After performing the bulk analysis of the memory-modeling-based clients, their results can be inspected at the summary printed by bulk_analyze.py at the end of its execution. The claims regarding the number or percentage of contracts that report at least one result for the respective analyses can be found at:

  • Taint Analysis (relation Vulnerability_TaintedERC20Transfer): Section 6.2.1 (lines 922-923)
  • Gas of Fallback Functions (relation FallbackWillFail): Section 6.3 (lines 953-954) Note that in the originally submitted version of the paper the number of smart contracts reported refers to smart contract instances and not unique bytecodes like the statistics provided at the rest of the paper. We will fix this inconsistency in the revised version of the paper. In terms of unique bytecodes the expected number is 195 (0.27%) when analysing our complete dataset, and 3 (0.15%) when the subset of 2k contracts are analyzed.
  • Repeated Calls (relation RepeatedCalls): Section 6.4 (line 995)

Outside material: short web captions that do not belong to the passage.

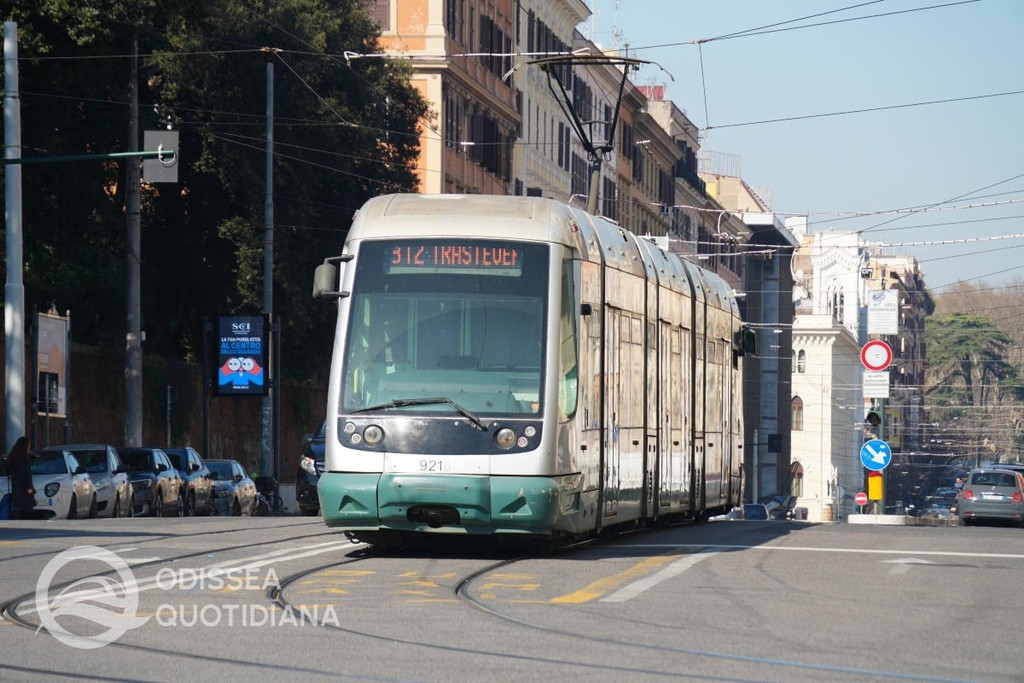 iltrenoromalido's tweet image. Manutenzione e innovazione: Atac punta su tecnologie anti stridio per migliorare il servizio tramviario tra Gianicolense e Casaletto. odisseaquotidiana.com/2026/03/tram-a…

 #MobilitàUrbana #Roma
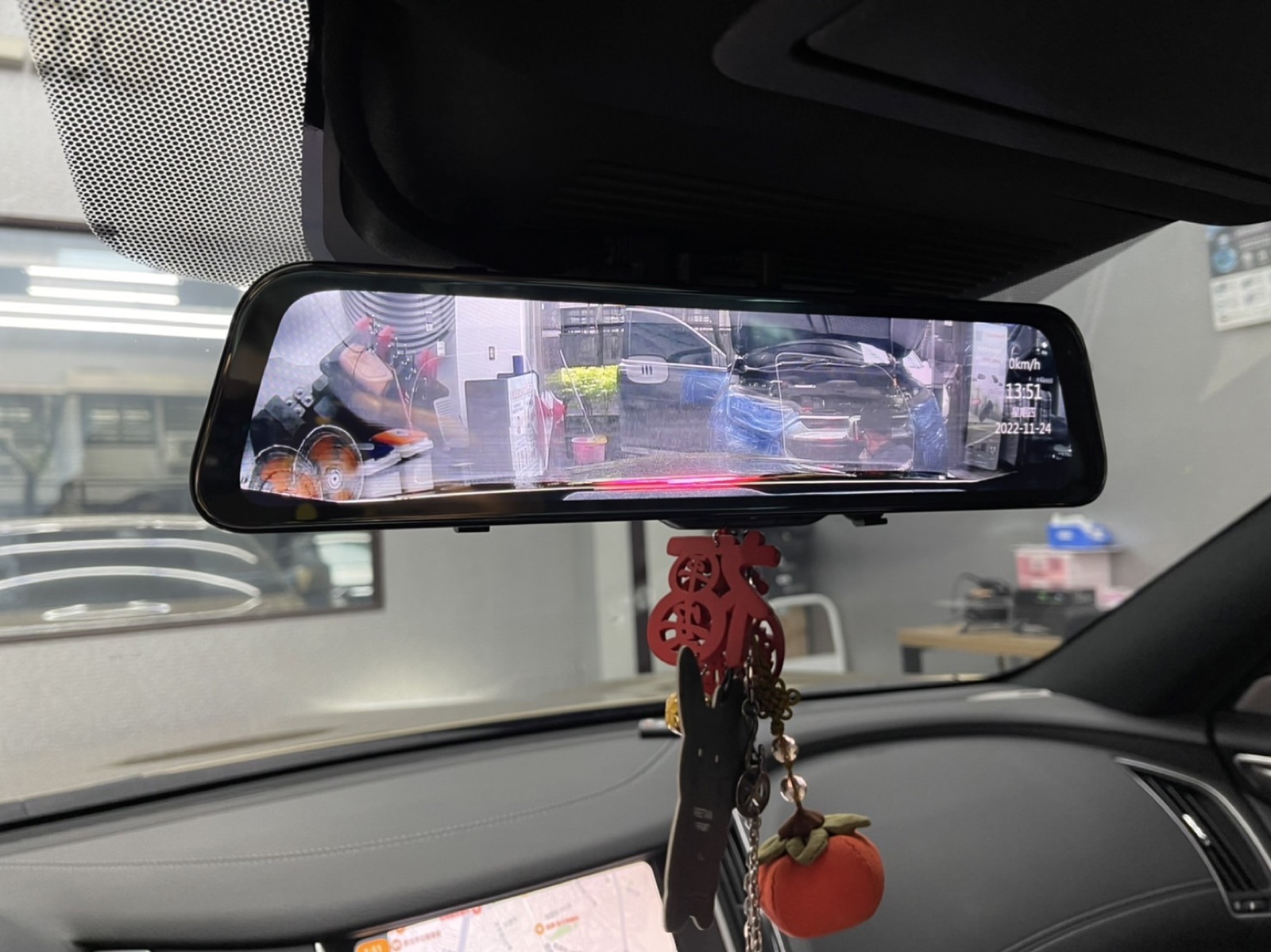 17-22 Q60 實裝案例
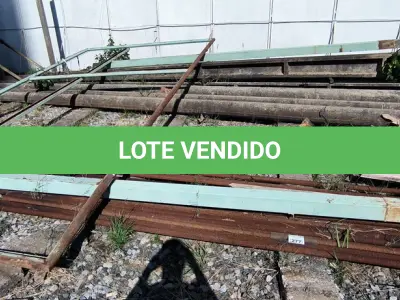 LOTE 278 - 01 ESTRUTURA PARA OUTDOOR (NO ESTADO)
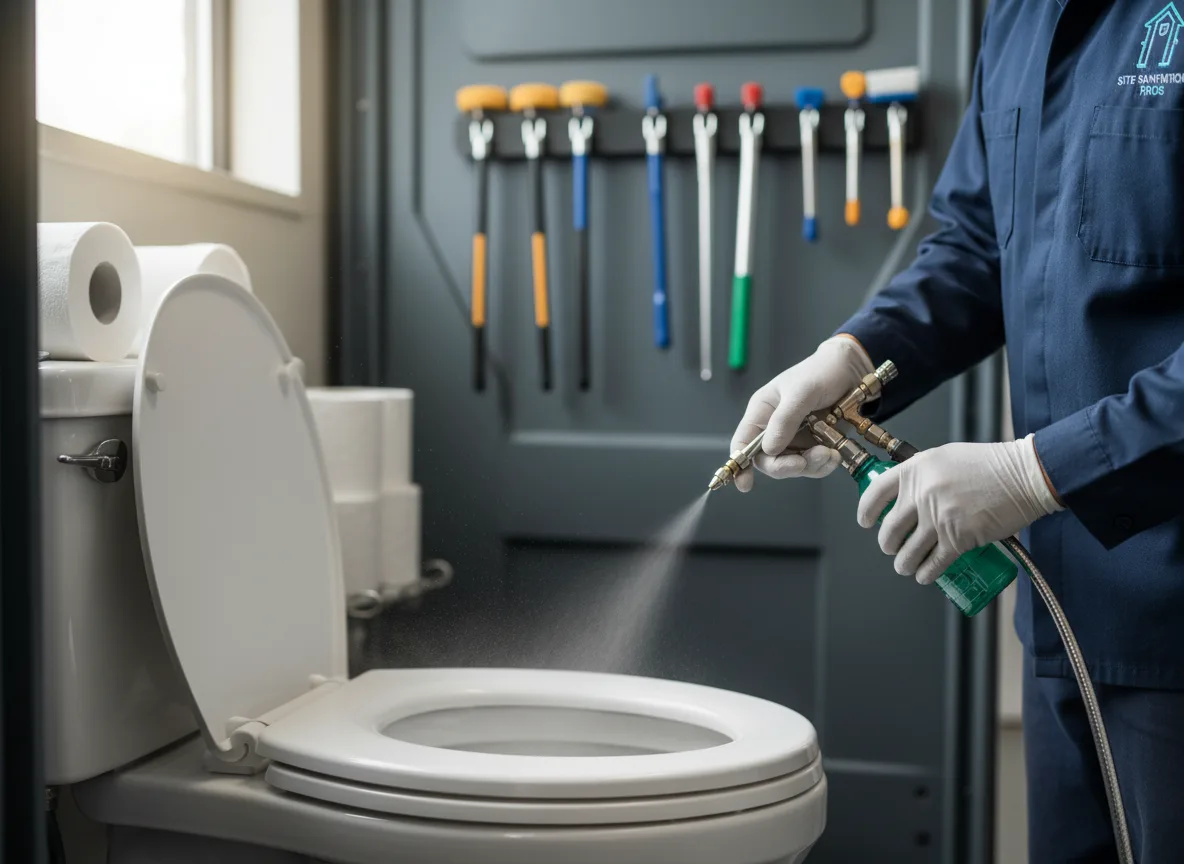 Why choose Construction Site Porta Potty Rental in Fife, WA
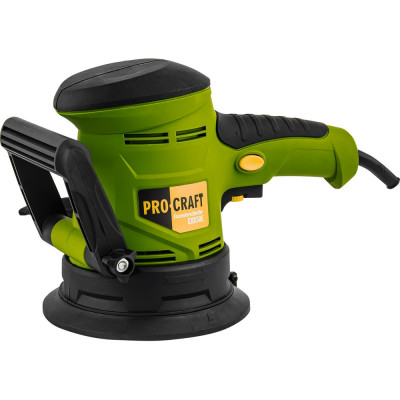Шлифовальная машина эксцентриковая PROCRAFT EX850E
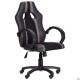 Крісло Shift black/grey AMF
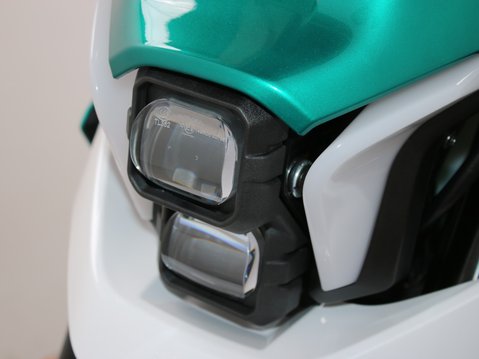 Benelli BKX 125 S 30
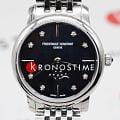 Швейцарские наручные часы Frederique Constant Slim Line Moonphase FC-206MPBD1S6B, фото 6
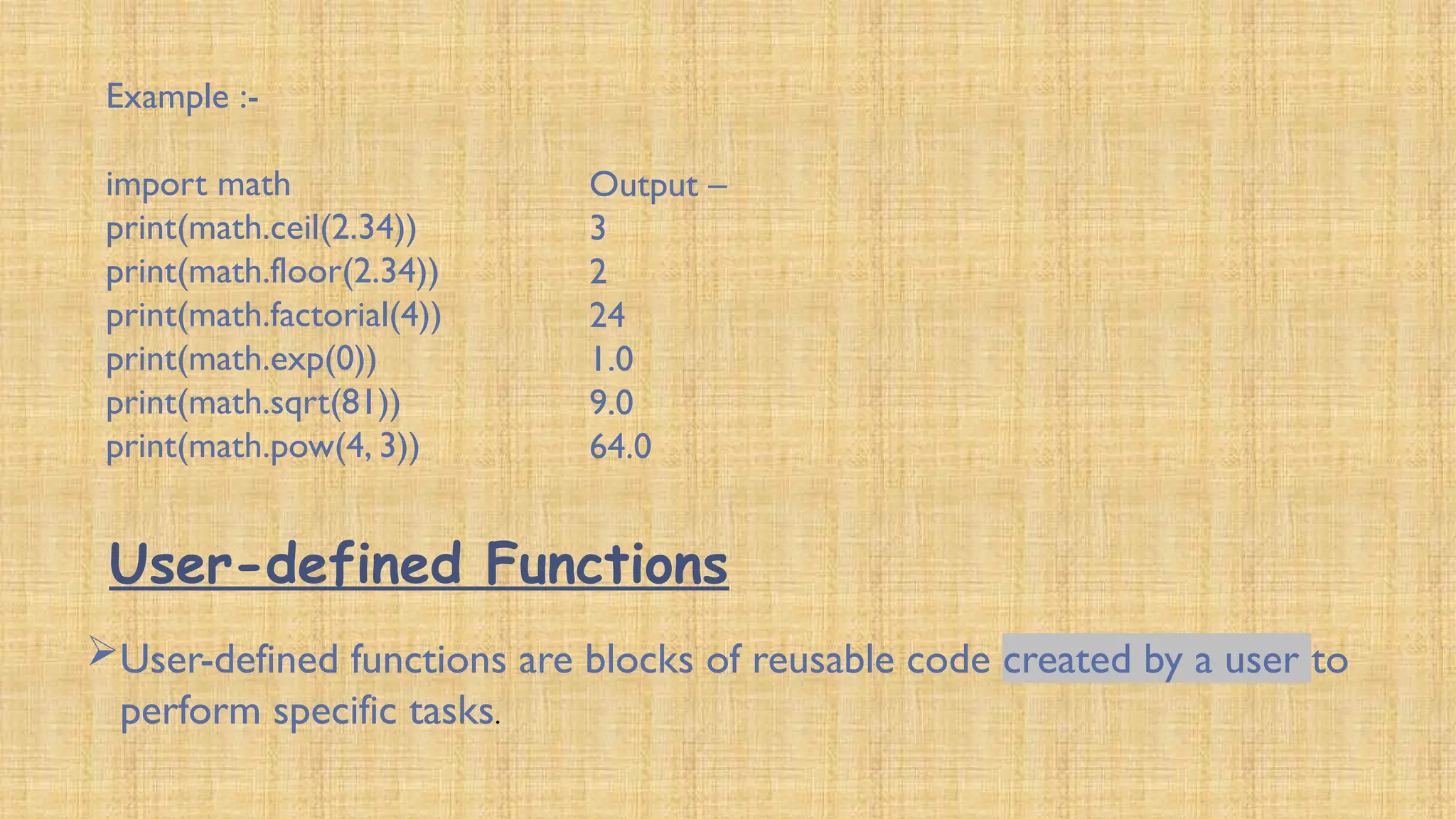Functions in Python (PPT)by sakshi (1) (1).pptx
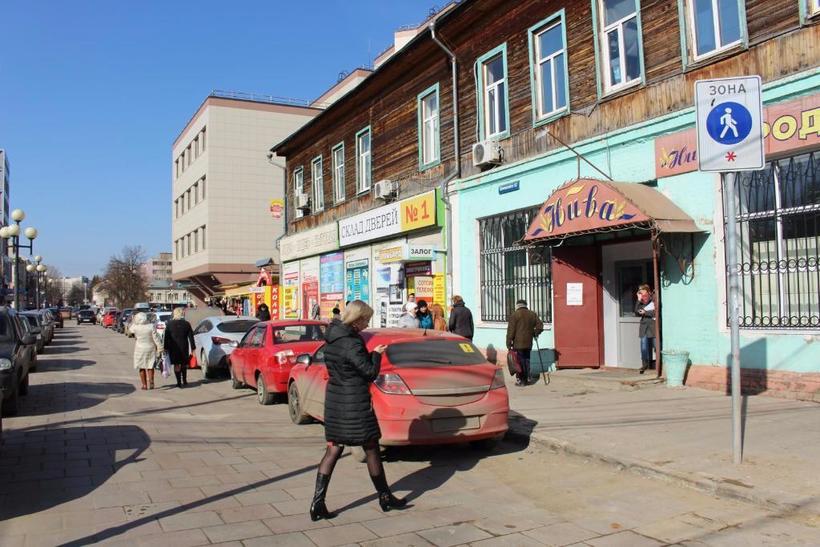 По дороге к достопримечательностям...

Keep in mind that, when running on the provided subset of contracts, these numbers will be approximates of what is reported in the paper.

Quantitative Evaluation of Memory Modeling

A helper script ~/print-metrics.py is provided, parsing the JSON output file of bulk_analyze.py and printing the metrics presented in Section 6.1, populating table 1 and figures 4 and 5. It can be invoked as:

python3.8 ~/print-metrics.py results.json

Client: Taint Analysis

Tainted ERC20 Token transfer

Apart from the statistics about the results of the Vulnerability_TaintedERC20Transfer relation we mentioned earlier, we also provide the contract sources and bytecodes of the manually inspected contracts (figure 6) are available under ~/manual-inspection/TaintedERC20Transfer.

Effects on pre-existing Ethainter Clients

In order to compare different implementations of ethainter on the same set of contracts, script ~/infoflow-comparison.py accepts the JSON outputs of the two implementations, and prints their differences regarding the supported ethainter vulnerabilities (contracts flagged by one and not the other).

First, the old ethainter client (without our memory modeling) needs to be used to analyse our evaluation set.

Performing bulk analysis using the old ethainter client (found at ~/clients/ethainter-old-inlined.dl):

Setup 1:
  python3.8 bulk_analyze.py -j 24 -d ~/contracts_all -C ../clients/ethainter-old-inlined.dl --rerun_clients -r ethainter-old.json
Setup 2:
  python3.8 bulk_analyze.py -j 8 -d ~/contracts_2k_random -C ../clients/ethainter-old-inlined.dl --rerun_clients -r ethainter-old.json

On startup of the bulk analysis script a lot of warnings will be reported by souffle. They do not affect the results of the analysis and can be ignored.

Execution of ~/infoflow-comparison.py:

  python3.8 ~/infoflow-comparison.py results.json ethainter-old.json

Gas of Fallback Functions: FallbackRetracer

The results of the FallbackRetracer tool cannot be reproduced because they require access to an archival Ethereum node which takes up over 4.5 TBs of SSD storage and has a sync time of around a month.

Repeated Calls

The contract sources and bytecodes of the manually inspected contracts (figure 8) are available under ~/manual-inspection/RepeatedCallsOurs and ~/manual-inspection/RepeatedCallsSecurify.

Comparison with Securify

As this experiment relies on manual inspection, we run Securify on sources to get source mappings. However, this complicates the workflow significantly:

  • Source files may contain multiple contracts; one needs to find which contract matches the bytecode deployed at the given address.
  • Getting the exact compiler version the contract was originally compiled with is really important. Different compiler versions (even different commits under the same version) can produce significantly different bytecode, thus affecting the results of the analysis. We encountered this disparity while conducting the experiment.

This critical metadata was acquired manually by the human agents carrying out the experiment, who installed the correct Solidity compiler version and configured Securify to use it for its analysis, on a per-contract basis. The results were also filtered, to only include warnings for code that is in the "main" contract or any super-contract.

Due to these conditions we will not be able to provide a mechanism to automatically replicate the experiment results.